Thermostaat is een soort automatisch temperatuurregulerend apparaat, meestal met een temperatuursensorcomponent, door uit te zetten of te krimpen om de stroom van de koelvloeistof in en uit te schakelen, dat wil zeggen het water automatisch in de radiator aan te passen op basis van de temperatuur van de koeling vloeistof, verander het circulatiebereik van de koelvloeistof, om de warmteafvoercapaciteit van het koelsysteem aan te passen.
De hoofdthermostaat van de motor is een wasthermostaat, die wordt geregeld door de paraffine binnenin via het principe van thermische uitzetting en koude contractie om de koelvloeistofcirculatie te regelen. Wanneer de koeltemperatuur lager is dan de opgegeven waarde, is de geraffineerde paraffine in het temperatuursensorlichaam van de thermostaat vast, de thermostaatklep onder invloed van de veer om het kanaal tussen de motor en de radiator te sluiten, de koelvloeistof door de waterpomp naar terugkeer naar de motor, de kleine cyclus van de motor.

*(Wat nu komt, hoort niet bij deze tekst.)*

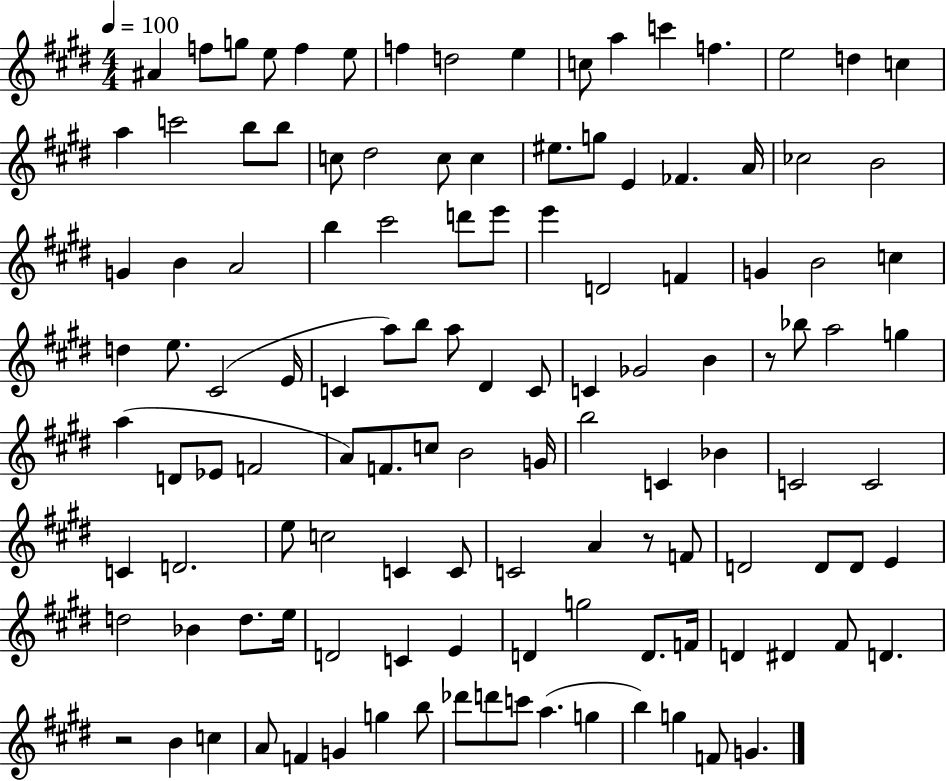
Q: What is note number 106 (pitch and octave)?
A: F4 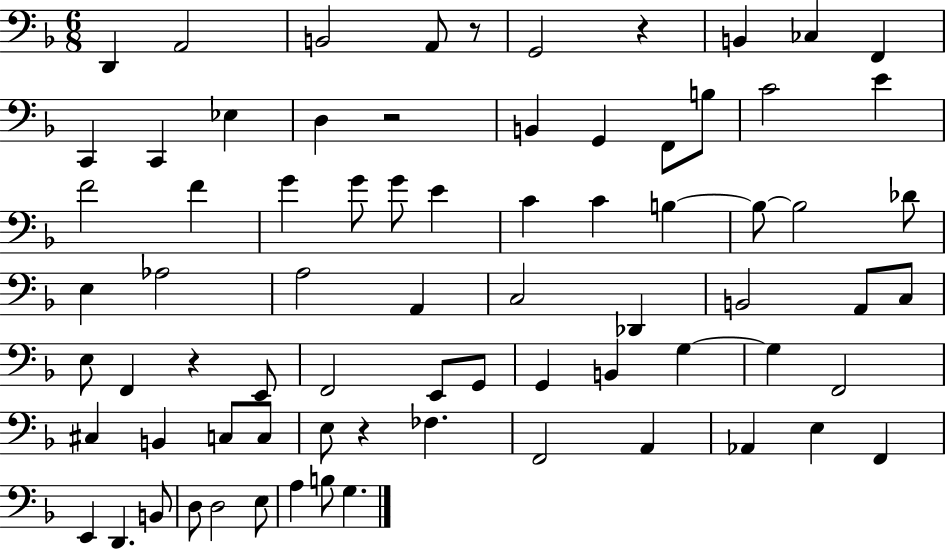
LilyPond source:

{
  \clef bass
  \numericTimeSignature
  \time 6/8
  \key f \major
  d,4 a,2 | b,2 a,8 r8 | g,2 r4 | b,4 ces4 f,4 | \break c,4 c,4 ees4 | d4 r2 | b,4 g,4 f,8 b8 | c'2 e'4 | \break f'2 f'4 | g'4 g'8 g'8 e'4 | c'4 c'4 b4~~ | b8~~ b2 des'8 | \break e4 aes2 | a2 a,4 | c2 des,4 | b,2 a,8 c8 | \break e8 f,4 r4 e,8 | f,2 e,8 g,8 | g,4 b,4 g4~~ | g4 f,2 | \break cis4 b,4 c8 c8 | e8 r4 fes4. | f,2 a,4 | aes,4 e4 f,4 | \break e,4 d,4. b,8 | d8 d2 e8 | a4 b8 g4. | \bar "|."
}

Wanneer de temperatuur van het koelmiddel de gespecificeerde waarde bereikt, begint de paraffine te smelten en wordt het geleidelijk vloeibaar, en het volume neemt toe en drukt op de rubberen buis om deze te laten krimpen. Tegelijkertijd krimpt de rubberen buis en oefent een opwaartse kracht uit op de duwstang. De duwstang heeft een neerwaartse druk op de klep om de klep open te maken. Op dit moment stroomt de koelvloeistof door de radiator en de thermostaatklep en stroomt vervolgens via de waterpomp terug naar de motor voor een grote circulatie. Het grootste deel van de thermostaat is aangebracht in de wateruitlaatpijp van de cilinderkop, wat het voordeel heeft van een eenvoudige structuur en gemakkelijk de bellen in het koelsysteem kan afvoeren; Het nadeel is dat de thermostaat tijdens het werken vaak opent en sluit, waardoor oscillatieverschijnselen ontstaan.

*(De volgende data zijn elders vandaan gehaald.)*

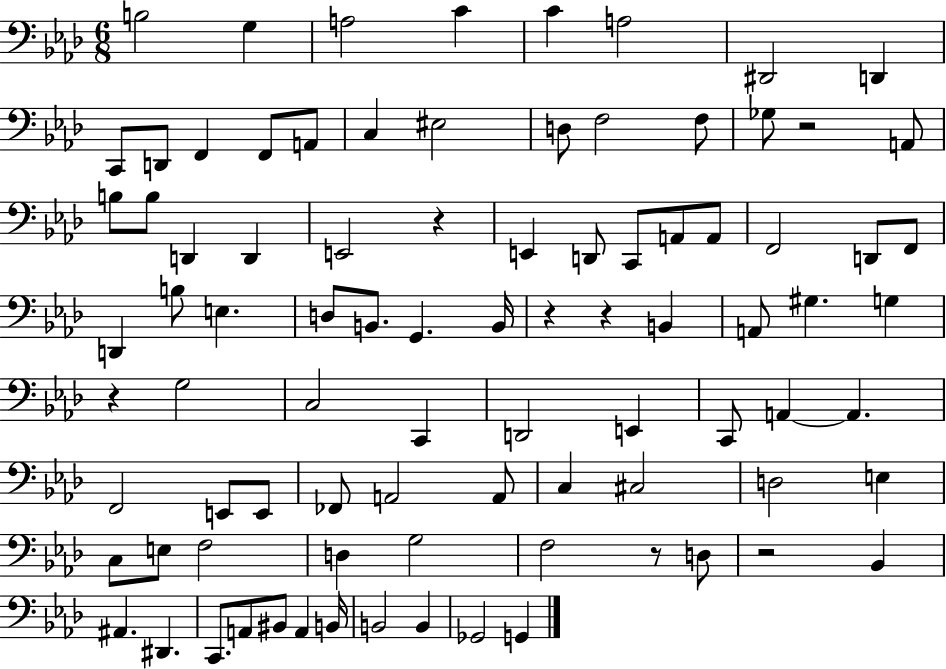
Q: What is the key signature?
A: AES major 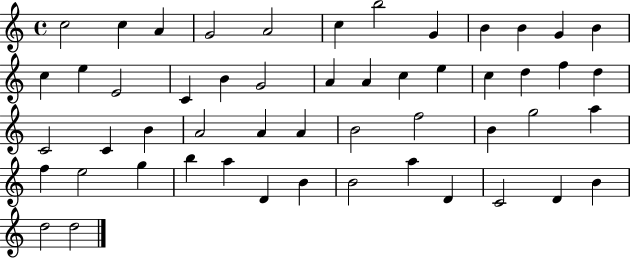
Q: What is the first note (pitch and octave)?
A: C5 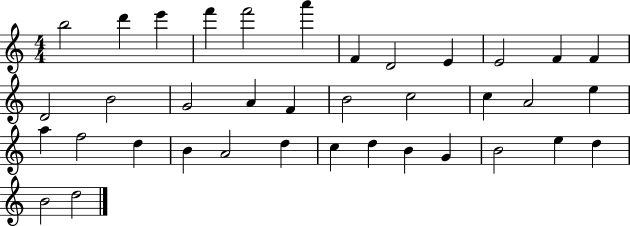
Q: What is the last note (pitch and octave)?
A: D5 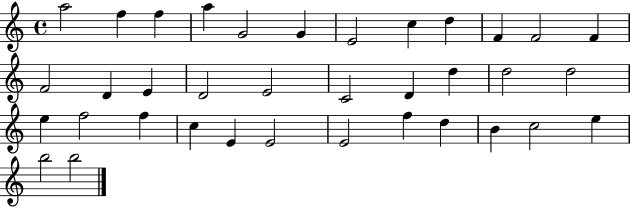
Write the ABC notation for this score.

Wanneer de bedrijfstemperatuur van de motor laag is (lager dan 70°C), sluit de thermostaat automatisch het pad dat naar de radiateur leidt, en opent het pad dat naar de waterpomp leidt. Het koelwater dat uit de watermantel stroomt, komt rechtstreeks via de slang de waterpomp binnen en wordt door de waterpomp naar de watermantel gestuurd voor circulatie. Omdat het koelwater niet door de radiateur verdwijnt, kan de werktemperatuur van de motor snel worden verhoogd. Wanneer de werktemperatuur van de motor hoog is (boven 80°C), sluit de thermostaat automatisch het pad dat naar de waterpomp leidt, en opent het pad dat naar de radiateur leidt. Het koelwater dat uit de watermantel stroomt, wordt gekoeld door de radiateur en vervolgens door de waterpomp naar de watermantel gestuurd, wat de koelintensiteit verbetert en voorkomt dat de motor oververhit raakt. Deze fietsroute heet de grote fiets. Wanneer de bedrijfstemperatuur van de motor tussen 70 °C en 80 °C ligt, bestaan er tegelijkertijd grote en kleine cycli, dat wil zeggen een deel van het koelwater voor de grote cyclus en het andere deel van het koelwater voor de kleine cyclus.

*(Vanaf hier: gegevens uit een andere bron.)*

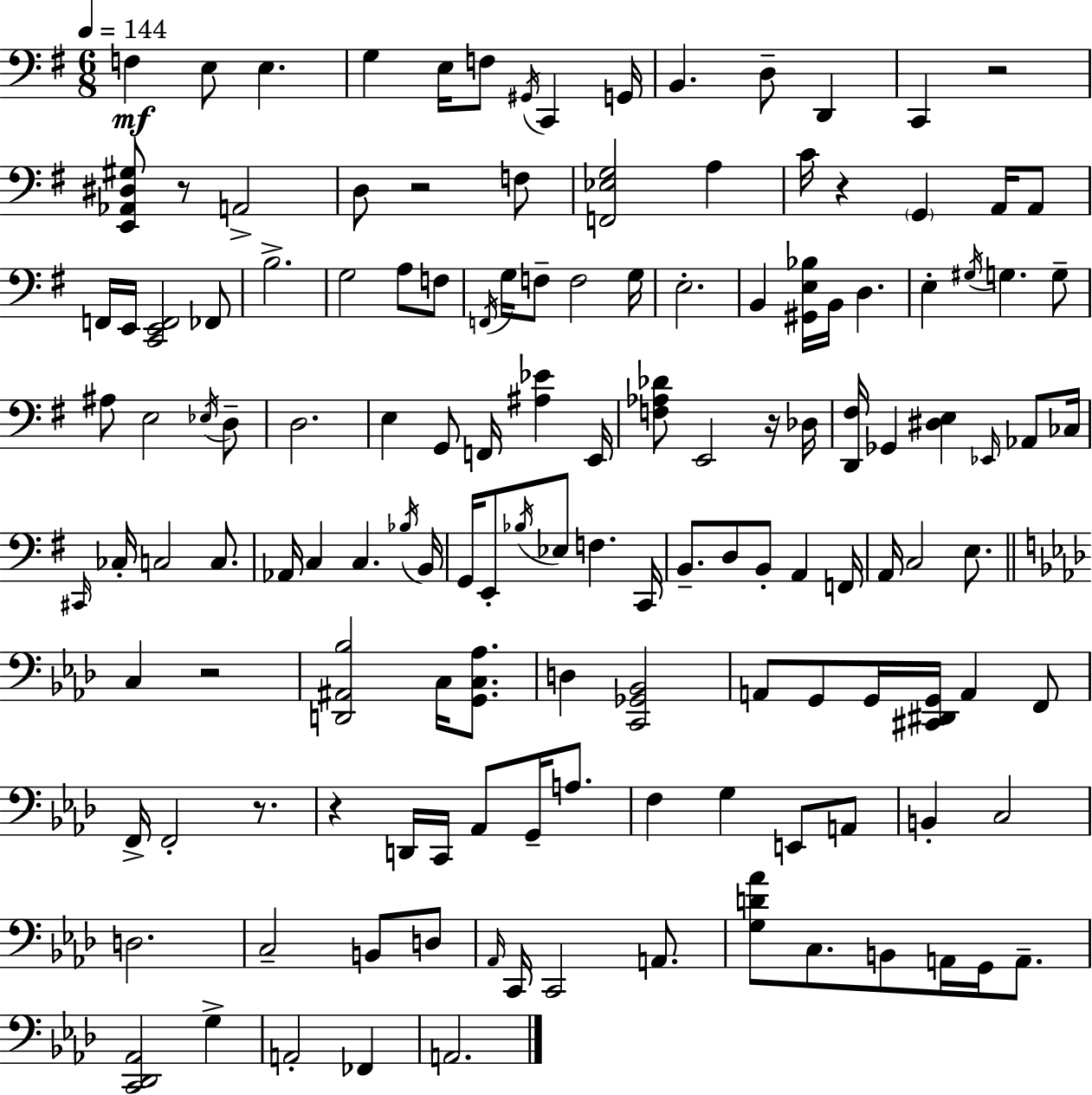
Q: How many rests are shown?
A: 8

De functie van de autothermostaat is om de auto te sluiten voordat de temperatuur niet de normale temperatuur heeft bereikt. Op dit moment wordt de koelvloeistof van de motor door de waterpomp teruggevoerd naar de motor en wordt de kleine circulatie in de motor uitgevoerd om de motor snel op te warmen. Wanneer de temperatuur de normale waarde overschrijdt, kan de koelvloeistof door de hele tankradiatorlus worden geopend voor een grote circulatie, zodat de warmte snel wordt afgevoerd.